Take the lines below beginning at the line that has "May include: A" and stopping after the line that has "a bathroom with a sink and shower", and print them exactly as they are, with no other lines.

START Input for this task

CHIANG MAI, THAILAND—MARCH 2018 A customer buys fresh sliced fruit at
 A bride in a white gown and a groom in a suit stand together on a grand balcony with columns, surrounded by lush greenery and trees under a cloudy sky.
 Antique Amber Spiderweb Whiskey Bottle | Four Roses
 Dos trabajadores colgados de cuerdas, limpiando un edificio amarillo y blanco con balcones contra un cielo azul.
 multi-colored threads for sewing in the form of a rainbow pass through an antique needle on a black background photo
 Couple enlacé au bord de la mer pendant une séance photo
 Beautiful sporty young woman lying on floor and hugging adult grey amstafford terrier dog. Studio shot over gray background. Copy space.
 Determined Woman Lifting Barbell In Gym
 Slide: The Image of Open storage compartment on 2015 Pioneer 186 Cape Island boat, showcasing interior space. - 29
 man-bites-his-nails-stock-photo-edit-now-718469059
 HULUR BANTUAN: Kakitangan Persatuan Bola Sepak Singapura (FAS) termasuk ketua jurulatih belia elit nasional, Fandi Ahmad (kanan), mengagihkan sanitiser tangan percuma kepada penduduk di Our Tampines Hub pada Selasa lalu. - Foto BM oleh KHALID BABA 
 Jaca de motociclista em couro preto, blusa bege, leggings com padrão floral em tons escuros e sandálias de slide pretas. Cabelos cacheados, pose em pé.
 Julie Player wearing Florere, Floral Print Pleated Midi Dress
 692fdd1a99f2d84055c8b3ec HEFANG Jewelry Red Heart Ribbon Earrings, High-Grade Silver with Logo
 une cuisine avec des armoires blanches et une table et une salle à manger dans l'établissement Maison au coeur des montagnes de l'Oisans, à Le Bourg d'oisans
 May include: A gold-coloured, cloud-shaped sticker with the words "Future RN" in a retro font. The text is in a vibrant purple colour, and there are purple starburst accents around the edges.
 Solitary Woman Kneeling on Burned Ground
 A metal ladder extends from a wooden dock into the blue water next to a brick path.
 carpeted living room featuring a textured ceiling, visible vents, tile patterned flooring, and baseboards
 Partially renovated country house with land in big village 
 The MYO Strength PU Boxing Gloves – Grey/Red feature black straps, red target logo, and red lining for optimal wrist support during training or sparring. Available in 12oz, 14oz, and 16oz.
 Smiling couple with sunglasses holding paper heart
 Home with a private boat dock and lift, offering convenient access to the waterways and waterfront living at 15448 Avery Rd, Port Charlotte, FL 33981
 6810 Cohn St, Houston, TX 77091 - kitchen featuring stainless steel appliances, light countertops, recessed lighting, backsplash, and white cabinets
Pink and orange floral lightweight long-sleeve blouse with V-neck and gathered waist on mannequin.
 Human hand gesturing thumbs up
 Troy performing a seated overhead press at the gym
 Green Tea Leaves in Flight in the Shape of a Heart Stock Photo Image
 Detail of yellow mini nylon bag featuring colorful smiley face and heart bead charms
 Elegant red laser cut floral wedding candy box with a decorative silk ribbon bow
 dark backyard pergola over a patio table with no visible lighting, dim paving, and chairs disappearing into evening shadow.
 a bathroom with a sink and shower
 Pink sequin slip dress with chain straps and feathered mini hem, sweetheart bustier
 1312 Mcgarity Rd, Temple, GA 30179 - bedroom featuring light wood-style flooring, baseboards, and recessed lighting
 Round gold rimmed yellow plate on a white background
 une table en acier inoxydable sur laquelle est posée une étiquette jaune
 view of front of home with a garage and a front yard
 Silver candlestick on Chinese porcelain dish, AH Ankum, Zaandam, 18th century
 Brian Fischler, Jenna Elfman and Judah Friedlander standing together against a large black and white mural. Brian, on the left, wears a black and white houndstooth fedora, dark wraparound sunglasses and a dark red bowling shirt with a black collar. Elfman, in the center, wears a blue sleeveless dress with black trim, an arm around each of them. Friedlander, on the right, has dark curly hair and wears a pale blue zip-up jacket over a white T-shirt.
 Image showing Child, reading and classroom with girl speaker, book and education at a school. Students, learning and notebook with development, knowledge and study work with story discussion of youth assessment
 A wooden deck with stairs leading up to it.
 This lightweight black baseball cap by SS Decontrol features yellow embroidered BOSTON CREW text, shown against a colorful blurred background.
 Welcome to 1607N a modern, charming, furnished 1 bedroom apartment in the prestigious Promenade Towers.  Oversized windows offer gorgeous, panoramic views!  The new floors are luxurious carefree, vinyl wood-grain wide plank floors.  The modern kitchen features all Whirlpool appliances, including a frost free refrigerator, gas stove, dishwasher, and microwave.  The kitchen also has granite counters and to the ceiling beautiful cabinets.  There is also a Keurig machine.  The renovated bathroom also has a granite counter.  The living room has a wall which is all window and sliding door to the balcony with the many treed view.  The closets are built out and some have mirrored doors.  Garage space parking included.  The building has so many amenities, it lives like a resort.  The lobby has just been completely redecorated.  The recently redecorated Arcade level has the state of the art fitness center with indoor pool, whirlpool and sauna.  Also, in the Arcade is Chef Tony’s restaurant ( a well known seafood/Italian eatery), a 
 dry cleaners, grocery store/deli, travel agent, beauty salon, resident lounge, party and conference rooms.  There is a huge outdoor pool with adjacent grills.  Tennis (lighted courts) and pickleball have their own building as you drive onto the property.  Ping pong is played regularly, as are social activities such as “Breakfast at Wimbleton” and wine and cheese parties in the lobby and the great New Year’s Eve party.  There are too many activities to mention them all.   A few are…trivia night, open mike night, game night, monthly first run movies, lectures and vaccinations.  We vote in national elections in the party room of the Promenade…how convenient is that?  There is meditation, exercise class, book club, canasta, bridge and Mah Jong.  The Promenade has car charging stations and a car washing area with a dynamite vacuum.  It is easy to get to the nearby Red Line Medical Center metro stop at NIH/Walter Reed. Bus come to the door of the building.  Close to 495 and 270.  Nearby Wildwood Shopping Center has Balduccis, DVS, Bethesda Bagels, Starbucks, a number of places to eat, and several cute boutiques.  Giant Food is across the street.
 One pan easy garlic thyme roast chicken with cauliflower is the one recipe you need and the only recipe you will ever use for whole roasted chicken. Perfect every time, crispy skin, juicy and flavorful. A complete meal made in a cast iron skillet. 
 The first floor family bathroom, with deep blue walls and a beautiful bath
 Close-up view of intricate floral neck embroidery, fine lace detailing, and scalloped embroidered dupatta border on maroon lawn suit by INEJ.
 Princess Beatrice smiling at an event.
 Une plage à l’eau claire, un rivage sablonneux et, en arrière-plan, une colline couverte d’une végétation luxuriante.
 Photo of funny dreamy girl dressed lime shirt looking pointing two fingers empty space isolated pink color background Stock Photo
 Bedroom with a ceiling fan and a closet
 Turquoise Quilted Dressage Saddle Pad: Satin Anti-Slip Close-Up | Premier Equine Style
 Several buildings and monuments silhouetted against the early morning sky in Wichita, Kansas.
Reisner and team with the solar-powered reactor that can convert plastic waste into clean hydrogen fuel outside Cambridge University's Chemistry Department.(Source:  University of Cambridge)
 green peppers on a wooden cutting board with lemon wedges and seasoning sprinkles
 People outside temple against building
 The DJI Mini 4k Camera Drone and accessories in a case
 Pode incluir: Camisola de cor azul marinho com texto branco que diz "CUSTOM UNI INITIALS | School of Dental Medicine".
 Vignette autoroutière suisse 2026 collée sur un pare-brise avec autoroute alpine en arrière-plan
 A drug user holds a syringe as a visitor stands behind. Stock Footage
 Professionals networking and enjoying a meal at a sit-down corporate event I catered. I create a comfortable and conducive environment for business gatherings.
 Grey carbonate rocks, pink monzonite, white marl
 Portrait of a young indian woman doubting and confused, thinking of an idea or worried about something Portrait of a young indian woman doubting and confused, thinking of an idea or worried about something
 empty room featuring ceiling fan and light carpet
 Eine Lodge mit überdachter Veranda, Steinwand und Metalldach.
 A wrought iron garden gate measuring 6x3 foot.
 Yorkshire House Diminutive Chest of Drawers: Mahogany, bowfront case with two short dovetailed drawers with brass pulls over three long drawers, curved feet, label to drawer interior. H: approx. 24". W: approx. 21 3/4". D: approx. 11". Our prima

END Input for this task

### Solution below
 May include: A gold-coloured, cloud-shaped sticker with the words "Future RN" in a retro font. The text is in a vibrant purple colour, and there are purple starburst accents around the edges.
 Solitary Woman Kneeling on Burned Ground
 A metal ladder extends from a wooden dock into the blue water next to a brick path.
 carpeted living room featuring a textured ceiling, visible vents, tile patterned flooring, and baseboards
 Partially renovated country house with land in big village 
 The MYO Strength PU Boxing Gloves – Grey/Red feature black straps, red target logo, and red lining for optimal wrist support during training or sparring. Available in 12oz, 14oz, and 16oz.
 Smiling couple with sunglasses holding paper heart
 Home with a private boat dock and lift, offering convenient access to the waterways and waterfront living at 15448 Avery Rd, Port Charlotte, FL 33981
 6810 Cohn St, Houston, TX 77091 - kitchen featuring stainless steel appliances, light countertops, recessed lighting, backsplash, and white cabinets
Pink and orange floral lightweight long-sleeve blouse with V-neck and gathered waist on mannequin.
 Human hand gesturing thumbs up
 Troy performing a seated overhead press at the gym
 Green Tea Leaves in Flight in the Shape of a Heart Stock Photo Image
 Detail of yellow mini nylon bag featuring colorful smiley face and heart bead charms
 Elegant red laser cut floral wedding candy box with a decorative silk ribbon bow
 dark backyard pergola over a patio table with no visible lighting, dim paving, and chairs disappearing into evening shadow.
 a bathroom with a sink and shower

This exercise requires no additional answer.